FAR 2x.573 requires demonstration of damage tolerance for aircraft structures including adhesive bonds. An FAA NPRM issued on 06 January 2010 proposes to extend these requirements to rotary wing aircraft. NPA-2010-04 "Damage Tolerance and Fatigue Evaluation of Composite Rotorcraft Structures"effectively duplicates the process for EASA. These requirements may involve analysis or testing to demonstrate that the structure provides adequate strength in the presence of known and detectable bond defects. Testing generally involves known artificial defects implanted in the bond-line. Production acceptance criteria for tolerable bond defect sizes are established on the basis of static strength tests or analysis on the basis that the bond interface retains full strength. Even service inspection requirements assume that the bond interface retains integrity.
Analysis and testing are meaningless for adhesion or mixed-mode failures because the assumption inherent in these approaches is that the adhesive surrounding the defect maintains an acceptable level of bond strength. In reality, if a disbond occurs in service, it is almost certainly due to degradation of the interface and such degradation is usually not confined to a localised area. The entire interface may be degrading and the bond surrounding the disbond may be weak. It is not possible to predict adhesion disbond growth rates, and defects may grow without any flight loads.

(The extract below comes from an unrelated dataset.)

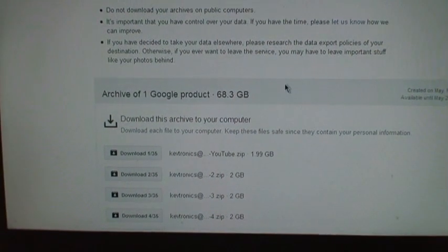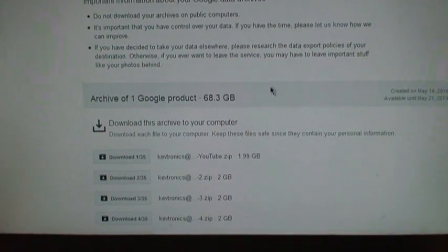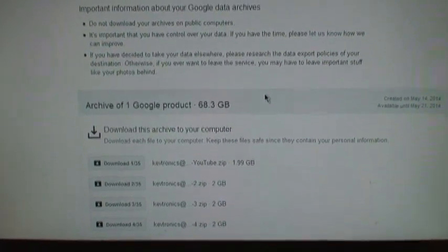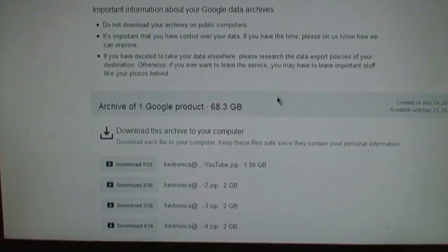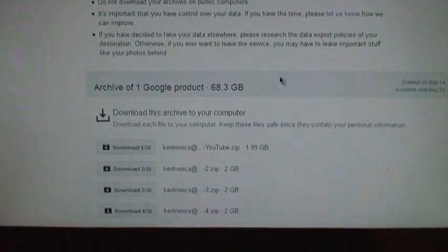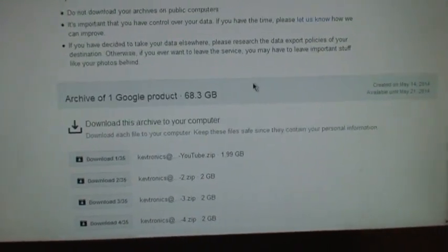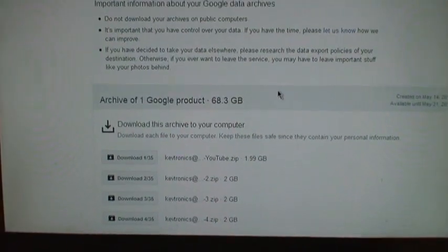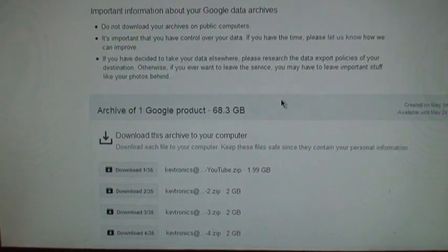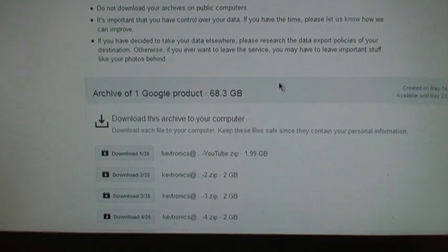But unless you have a very good internet connection, I don't know if I would trust downloading a 50 gigabyte file, because knowing my luck the connection would screw up at 49 gigabytes and then I would have to start all over again.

In recent times the FAA has taken steps to address adhesion failure modes. Policy Statement PS-ACE100-2005-10038 and recent amendments to AC 20-107 to “B” status include advice that interfacial failures are unacceptable in the production process and for service defects. These statements are to be commended, but they must eventually be followed up by appropriate NPRM action to amend the FARs to mandate bond durability testing.
Current NDI methods are only generally effective at finding production voids where there is an air-gap. These are the types of defect which cause cohesion failures. The ability of NDI to interrogate interfaces or even to detect weak bonds (kissing disbonds) is extremely limited. Double-sided adhesive tape will pass many NDI inspection methods, especially the tap-test, despite its obvious weakness compared to effective structural bonds. In effect, NDI can only tell that the bond has a defect, it can NOT guarantee the quality of the bond. With reference to NDI for inspection of in-service bonded components, NDI can not detect the onset of insipient disbonding. It is only effective AFTER a disbond has occurred. Hence, because of the ineffectiveness of damage tolerance in assessing the criticality of adhesive bonds with degrading interfaces and the inability of NDI to assess the potential for degradation, there is a risk that a disbond could propagate to a critical size before it is detected.
Therefore, the introduction of damage tolerance will not prevent disbonding from occurring. Worse yet, the assumption that the bond surrounding the defect retains full strength will provide a false sense of security when in fact the bond may be much weaker.

The solution is to mandate bond durability testing using methods which have a demonstrated history of differentiating between good processes and mediocre processes.